For clarity, I still have the spindle configured to use enable / direction / PWM pins but these are not connected. I read the spindle state in daemon.g and send the relevant Modbus requests to start it and control the speed.

I've had a 2 second comms timeout set on the VFD so if there's no Modbus status check within 2 seconds the VFD will stop automatically.

There's a lot of functionality I could add to this to e-stop / pause / whatever if the VFD reports the spindle stopped or at high load or is completely unresponsive, but for the moment I'm pretty happy with the behaviour.

NineMile

So I've been thinking about how spindle control could be integrated directly into RRF in a manner that wouldn't require a HAL to be written in C++ for each type of VFD, and the approach that seems to make sense thus far is to implement a modbus device type that can be assigned to an address on a configured aux port, and then assigned to a spindle of type modbus.

The modbus device type stores a limited number of read and write commands - reads are run on a configurable interval and populate data into the object model, one or more write commands can be configured to act as the actions to take to run a spindle forward, in reverse or to stop it. It would also be possible to run stored commands manually (think of like how M261.1 currently works but rather than specifying all the details you just pick the command number to run).

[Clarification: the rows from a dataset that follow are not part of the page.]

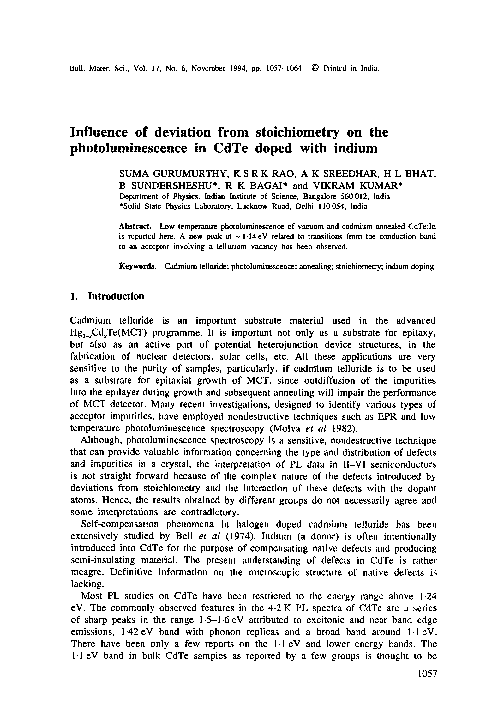 (PDF) Influence of deviation from stoichiometry on the ...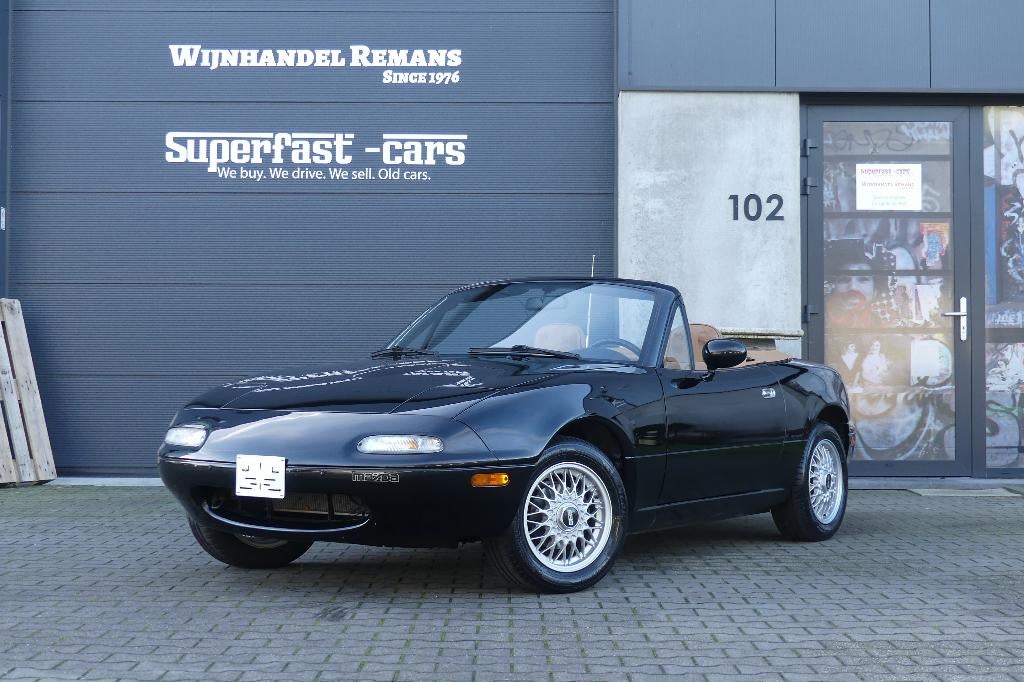 Mazda MX-5 "Black Miata", Auto's, Oldtimers, Bedrijf, Te koop, Mazda, Benzine, Cabriolet, Handgeschakeld, Zwart, Bruin, Leder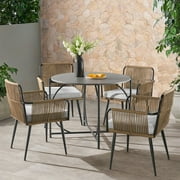 Alburgh All-Weather Outdoor Bistro Set with Four Rope Chairs and 30" H Bistro Table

The nice thing about abstracting the modbus device out is that it could also work to monitor and manage non VFD devices using stored commands.

; Configure Aux 1 to Modbus / UART
M575 P1 B57600 S7

; Create Modbus device 2 at station 80 on Aux 1,
; waiting a minimum of 10ms between requests.
; Some modbus devices have defined processing
; delays between requests that should not be violated
M610 P1 I2 A80 D10

; Assign read commands to device 2. Maximum of 5?
; NOTE: Commands are all named, this is purely for
; readability purposes in the object model.

; Read 5, 16 bit registers from 0x1001 every 500ms.
; These values would be available in the object model.
; P0 is the command index that can be used later
; to refer to this command.
M611.1 I2 P0 S"spindleState" R4097 B5 D500

; Read 1, 16 bit register from 0x1003 every 250ms.
; Multiply the value by a factor of 60 to convert
; this to RPM
M611.1 I2 P1 S"spindleSpeed" R4099 B1 D250 F60

; Read 1, 16 bit register from 0x101B every 500ms.
M611.1 I2 P2 S"spindlePower" R4123 B1 D500

...

; Assign write commands to device 2. Maximum of 5?

; Reset
M611.2 I2 P0 S"reset" R4353 B38550

; Run Forward
M611.2 I2 P1 S"runForward" R4097 B2

; Run Reverse
M611.2 I2 P2 S"runReverse" R4097 B4

; Stop
M611.2 I2 P3 S"stop" R4097 B0

; Emergency Stop
M611.2 I2 P4 S"emergencyStop" R4097 B127

; Set RPM
; This command is special as it does not
; define a B-value - the B argument must
; be given if this command is run manually,
; and would be passed from the spindle control
; code.
; The F argument is a scale factor to adjust
; the input value into the right unit for the
; VFD, in this case from RPM to Hz.
M611.2 I2 P5 S"setRPM" R4098 F0.01667

; Create Spindle 0 as a Modbus spindle,
; using device 2.
M950 P0 T2 I2

; At this point the spindle will exist and RRF
; will start polling the Modbus device for each
; of the read registers defined. It will not
; be controllable because no write commands have
; been assigned to the spindle yet.

; F is the command number(s) to run in order
; to start the spindle. Assign write command
; 1 to start the spindle forwards.
; R is the command number(s) to run in order
; to run the spindle in reverse.
; S is the command number(s) to run in order
; to stop the spindle.
; V is the command number(s) to run in order
; to change the speed of the spindle
M611.3 P0 F1 R2 S3 V5

; For a device that need writes to multiple
; registers to start the spindle, you might
; implement them like the below

; Enable
M611.2 I2 P1 S"enableSpindle" R4097 B1

; Stop
M611.2 I2 P2 S"stop" R4097 B0

; Direction field is part of a bitmask,
; bit 1 set indicates run in reverse

; Forward
M611.2 I2 P3 S"setForward" R4098 B0

; Reverse
M611.2 I2 P4 S"setReverse" R4098 B1

; Configure spindle commands
; For forward, run forward and enable
; For reverse, run reverse and enable
; For stop, run stop etc
M611.3 P0 F3:1 R4:1 S2...

I realise this is somewhat complex from a configuration perspective but it means adding support for any modbus-rtu capable device should be doable in configuration only.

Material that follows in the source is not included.